Watch Your Body Language
Sit up straight! Crossing your arms and tapping your pen will make you appear annoyed and on guard. Lean in, smile and keep your body facing your date. Ask a friend if you have any nervous ticks (like fiddling with your pen, tapping your foot, etc) and you’ll be aware of things to watch out for.
Don’t drink too much
You’ll want to stay focused and alert and not give off the idea that you are a bar fly. You know what happens when you drink to much at a speed dating event? You check yes to everyone and no one checks yes to you.
Conversations are two sided
Don’t ask the cliché questions. Do ask open ended questions that require more than a yes or no answer. When being asked questions, make sure to turn the question back around.
Focus on the Other Person
This is probably one of the most important speed dating tips. Focus the conversation on learning more about the person you’re sitting across from than on advertising yourself.
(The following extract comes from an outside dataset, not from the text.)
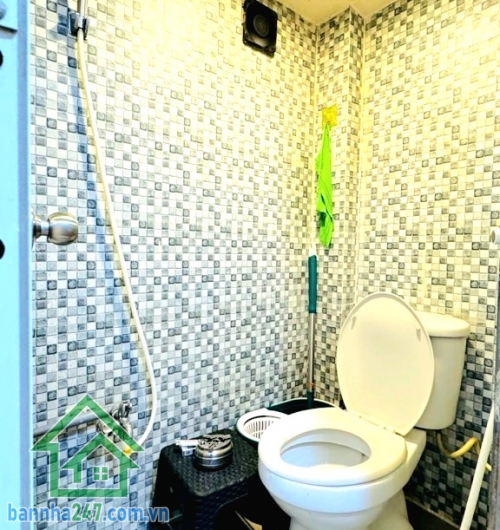 CHỈ 5,2 TỶ – MTKD HẺM XE HƠI 8M – LẠC LONG QUÂN, TÂN BÌNH – 3 TẦNG -  Căn nhà vị trí cực đẹp – hẻm như mặt tiền – kinh doanh “bao đỉnh”! Diện tích: (3.4 × 6,5) Mob 0933144037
Everyone enjoys talking about things they’re passionate about. Find out what the person’s passion is, and ask questions that will draw them out.
Follow up Without Pressure
At the end of the evening or a few days later, you’ll receive contact information for people you expressed an interest in who felt the same way. Send a short, friendly email to let them know you enjoyed meeting them and thanking them. Don’t send a novel and don’t pester them if they don’t answer within a few hours or even the same day. The person may be genuinely interested, but very busy, so give them a few days to respond.
Don’t make each speed date a test or challenge. Simply look at it as an opportunity to meet lots of interesting people and make some new friends. If you do these simple speed dating tips, you’ll find yourself enjoying the evening for its own sake. If a few dates come out of it, they will be a wonderful bonus.